Eis que o Cristal se parte

Em primeiro lugar, quero dizer que não sou estudiosa da vida de nenhum dos Doces Bárbaros. Apenas e simplesmente, tenho o privilégio e de estar com eles, de ser contemporânea deles nestes tempos de vida por aqui.

Sobre a doce bárbara que acabou de nos deixar, tenho maravilhosas lembranças. Lá pelos anos 1970/1980, era uma fiel seguidora de Elis Regina, de seu belo canto, de sua voz maravilhosa. Queria ser uma mulher como ela. Sair pelo mundo, desfraldar bandeiras.

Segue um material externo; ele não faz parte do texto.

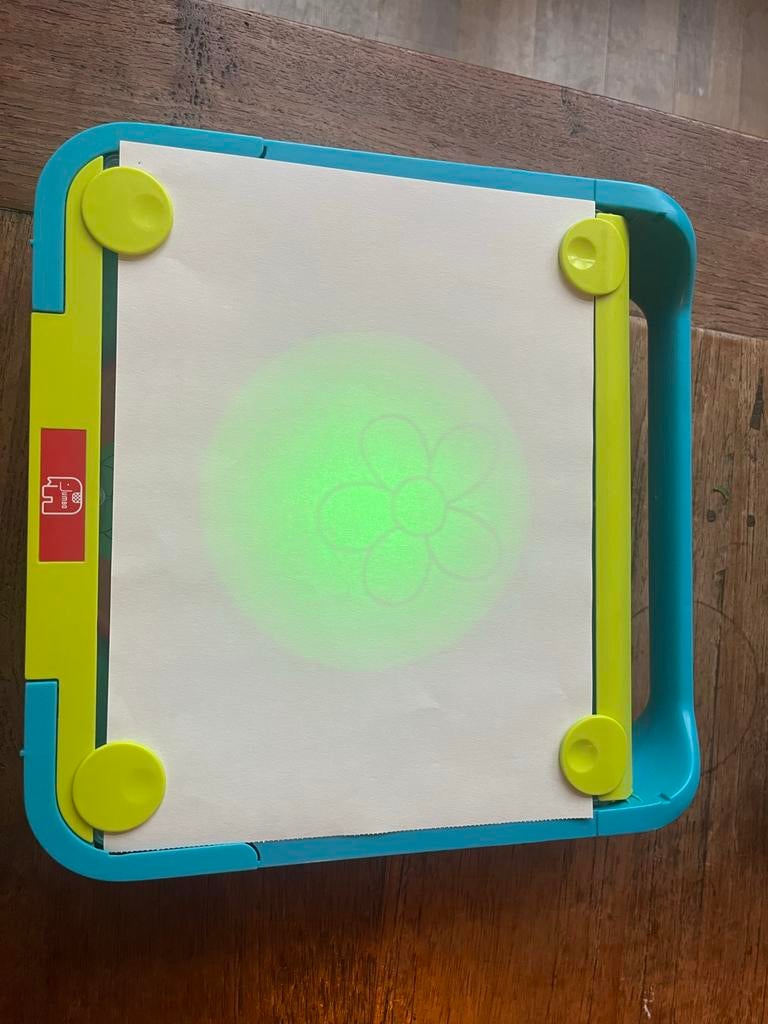 Dessineo Tekenprojector met 25 Kleurplaten, Ophalen of Verzenden, Zo goed als nieuw, Knutselen, Met licht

Andava por volta dos meus trinta anos, quando surge um furacão. Uma baiana cheia de atitudes, num mundinho careta, que vivia sob a opressão do militarismo. À frente do seu tempo – Gal ousou a liberdade, nos cabelos, no vestir, na voz. Sim, na voz, correndo pelo palco e aos gritos, ela se manifestou por toda uma geração, a minha geração que tinha um grito entalado na garganta, com o Divino Maravilhoso de Caetano Veloso e Gilberto Gil. Aquilo era uma libertação, num momento em que as vozes eram contidas. Eram vozes bossanovistas. A voz de Gal afinada juntou-se aos agudos agressivos ao estilo Janis Joplin. Nascia um novo tipo de mulher, talvez o pontapé para o que somos hoje. Feito Vaca Profana, mostrou os peitos pedindo para o Brasil mostrar a cara. Pra que mais empoderamento? Essas meninas que aí estão, do funk ao sertanejo, têm muito a agradecer à doce bárbara baby profana Gal. Poverinas!

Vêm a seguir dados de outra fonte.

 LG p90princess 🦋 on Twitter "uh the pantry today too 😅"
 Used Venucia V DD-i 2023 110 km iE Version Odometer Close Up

Não tenho absoluta certeza, mas lembro de estar em Fortaleza, no Ginásio Paulo Sarasete , entre 1971/1972, se a memória não me engana, eu, menina distante do eixo Rio-São Paulo, onde tudo acontecia, meio carcará, querendo pegar, matar e comer, levo um susto danado. Vejo Gal Fa-tal. Violão sustentado entre as pernas abertas, voz rascante, uma mulher deslumbrante. Meu coração parecia um tambor, meu cérebro tentava entender o que estava acontecendo. Não estava preparada para ver aquilo. O ginásio tremia. As pessoas enlouqueciam. Tentavam subir no palco. Uma verdadeira comoção.

                                                                            

Sobre o início

Nós por exemplo é o princípio de tudo – um encontro de artistas que viriam a se consolidar no cenário musical brasileiro. Caetano Veloso, Gilberto Gil, Maria Bethânia, Gal (ainda Maria da Graça), Tom Zé sob a direção de Álvaro Guimarães, o Alvinho, que tive o prazer de receber em minha casa, na Martinho Prado, em Sampa.

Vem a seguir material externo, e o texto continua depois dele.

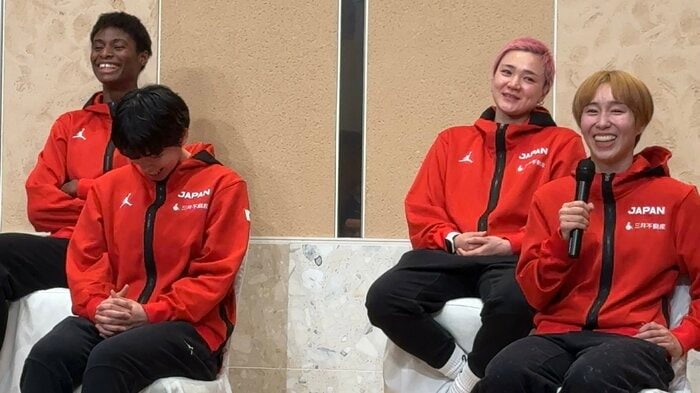 左から馬瓜エブリン、林咲希、吉田亜沙美、宮崎早織(13日、千葉県成田市での会見)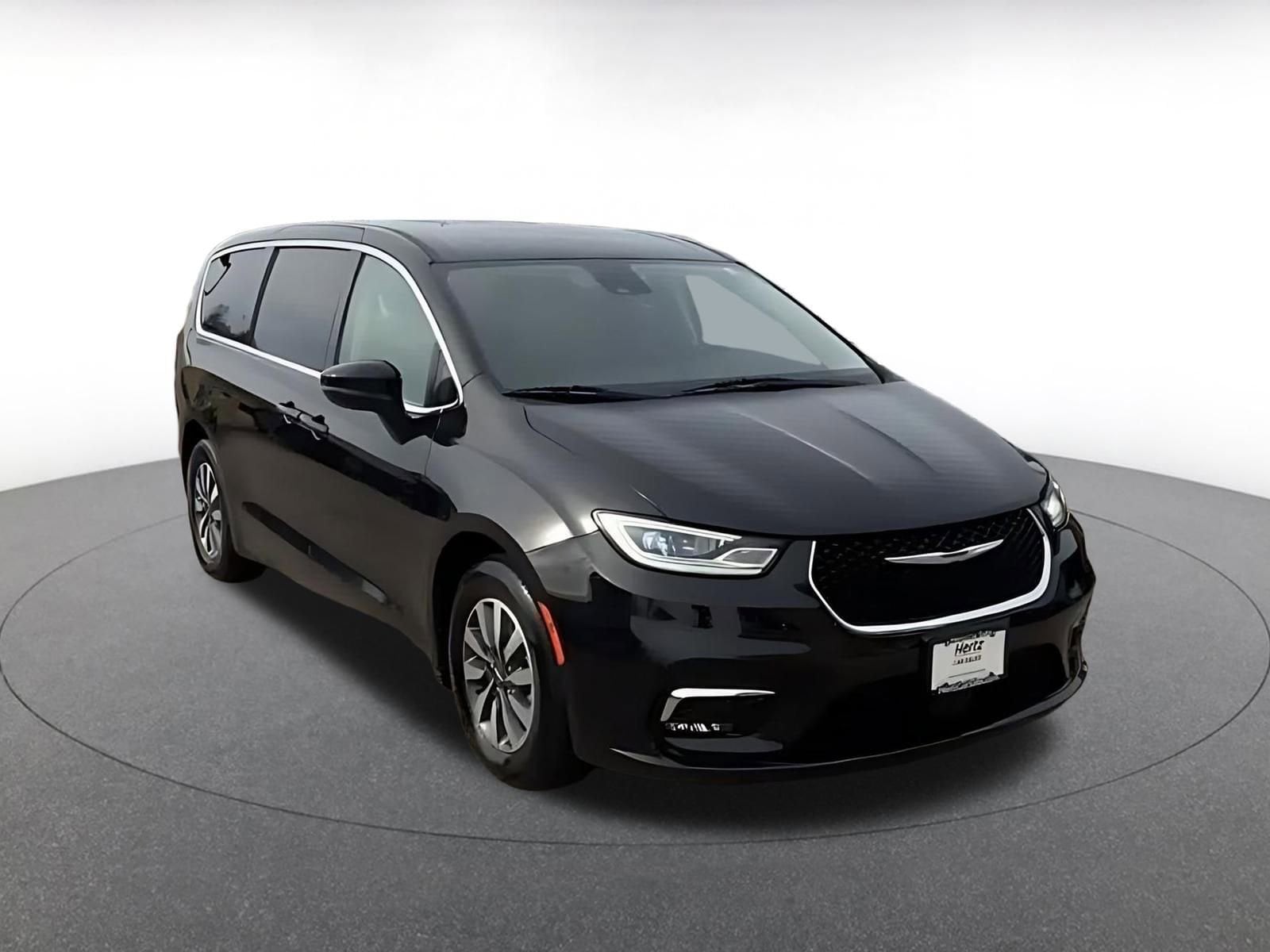 Thumbnail: 2023 Chrysler Pacifica - 3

Tudo aconteceu no palco do teatro Vila Velha, em 22 de agosto de 1964. A intenção era apresentar jovens compositores, cantores e instrumentistas que pretendiam renovar a música popular brasileira. Uma prova de que tudo isso era, mesmo, uma revolução é que no dia seguinte, era o assunto das conversas nas faculdades e bares da cidade.

Sol Negro, uma canção, um lamento, composto por Caetano para as vozes contrastantes de Bethânia e Gal, foi o ponto alto.

Na minha voz trago a noite e o mar
O canto é a luz de um sol negro e dor
É o amor que morreu na noite do mar

(Virgínia Rodrigues fez uma interpretação divina de Sol Negro. Viva Caetano, um ser milhões de anos luz à frente de seu tempo.)

Uma espécie de Semana da Arte Moderna Musical. Talvez, nem eles tivessem consciência, mas o País ganhava tons e cores que viriam transformar tudo o que consumíamos. E o movimento tropicalista transformou, incomodou e nos deu o que ainda hoje é moderno, mesmo que muita gente pense que está inovando. Não, não.

Gal é a voz da contracultura desde 1969, quando são exilados Caetano e Gil, em Londres. Depois de tudo isso, só nos resta amenizar a dor desta perda com o que nos foi legado nas muitas mídias – o Cristal que nos foi presenteado durante todo o percurso de Gal – a Fatal, A Vaca Profana, A Baby, a Voz que reluziu e reluz na nossa MPB.